De acordo com a Companhia Nacional de Abastecimento, tensões geopolíticas no Oriente Médio têm provocado forte volatilidade no mercado global de insumos agrícolas, com reflexos diretos sobre o custo de produção no Brasil. Há registros de aumento nos preços de produtos como ureia e nitrato de amônia, além da retirada de ofertas por parte de alguns países exportadores.
O cenário é considerado preocupante especialmente pela elevada dependência brasileira de fertilizantes importados. Dados da própria companhia indicam que o país consumiu cerca de 51,7 milhões de toneladas em 2025, sendo que aproximadamente 45,5 milhões foram provenientes do mercado externo — o que amplia a exposição a choques internacionais.
Além da questão dos preços, fatores logísticos também entram no radar. Restrições na navegação em rotas estratégicas, como o Estreito de Ormuz, e a redução na produção de nitrogenados em países produtores aumentam o risco de desabastecimento e podem comprometer o planejamento das próximas safras.
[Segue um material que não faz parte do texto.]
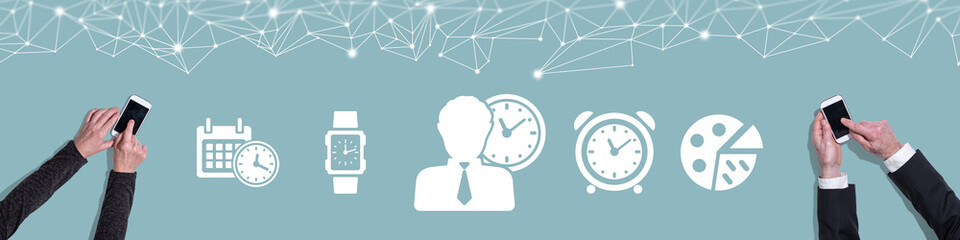 Concept of time management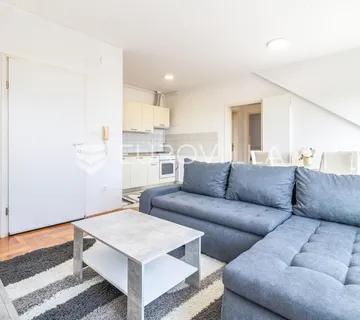 Zagreb, Dubrava, predivan dvosoban stan površine 58 m² parkirno mjesto - Granešina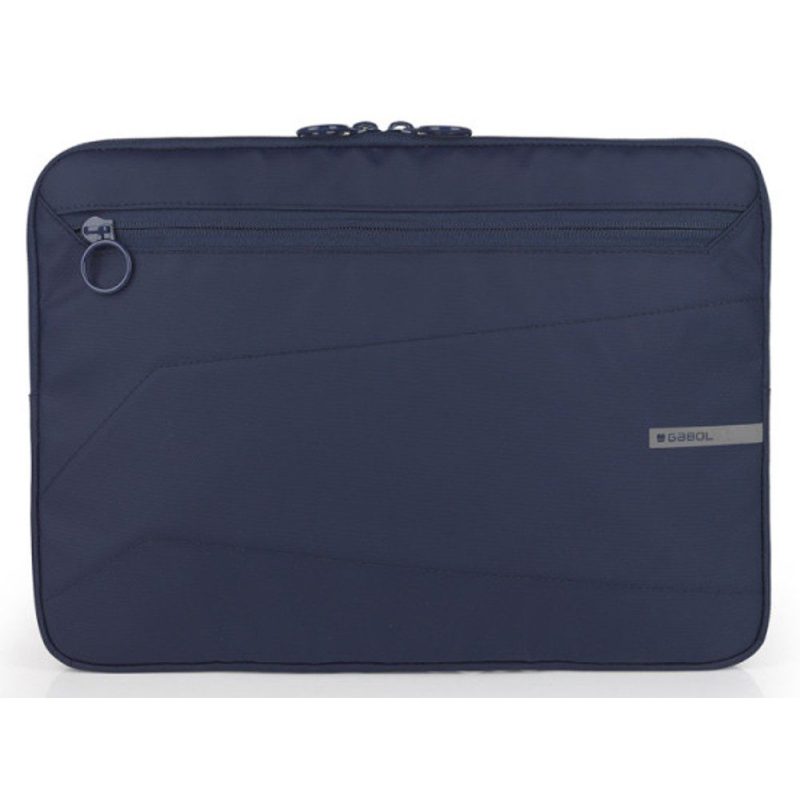GABOL 414282 Φάκελος laptop 14'' GIGA Μπλε Gabol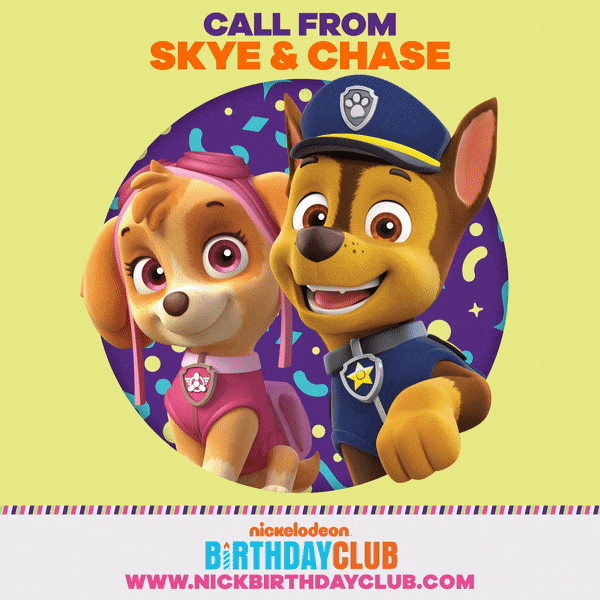 Send Happy Birthday gif to Pinterest – by download or link
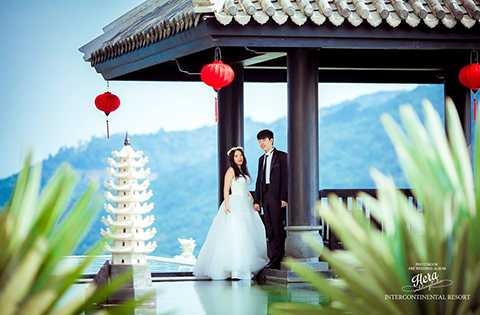 Những điểm chụp ảnh cưới, khó cưỡng, Đà Nẵng, Sơn Trà, Bà Nà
Enquanto isso, no campo, o clima tem imposto desafios adicionais. No Norte do Brasil, o excesso de chuvas registrado nas últimas semanas tem dificultado o avanço da colheita e prejudicado o escoamento da produção, especialmente de soja.
Em estados como Tocantins e Pará, as precipitações frequentes atrasam os trabalhos nas lavouras e limitam a circulação de máquinas e caminhões. Apesar de favorecerem o desenvolvimento de culturas como o milho, as chuvas acabam criando gargalos logísticos justamente no período de maior movimentação da safra.
O impacto é duplo: ao mesmo tempo em que há risco de atraso na colheita, também cresce a pressão sobre o transporte, com filas em armazéns e dificuldade de acesso às áreas de produção.
Especialistas apontam que essa combinação de fatores — aumento no custo dos insumos e entraves climáticos — pode comprometer a rentabilidade do produtor rural e influenciar decisões de plantio nos próximos ciclos.
A expectativa é de que, caso o cenário internacional continue instável e as condições climáticas permaneçam adversas, o agronegócio brasileiro enfrente um ambiente mais desafiador ao longo de 2026, exigindo maior planejamento e adaptação por parte dos produtores.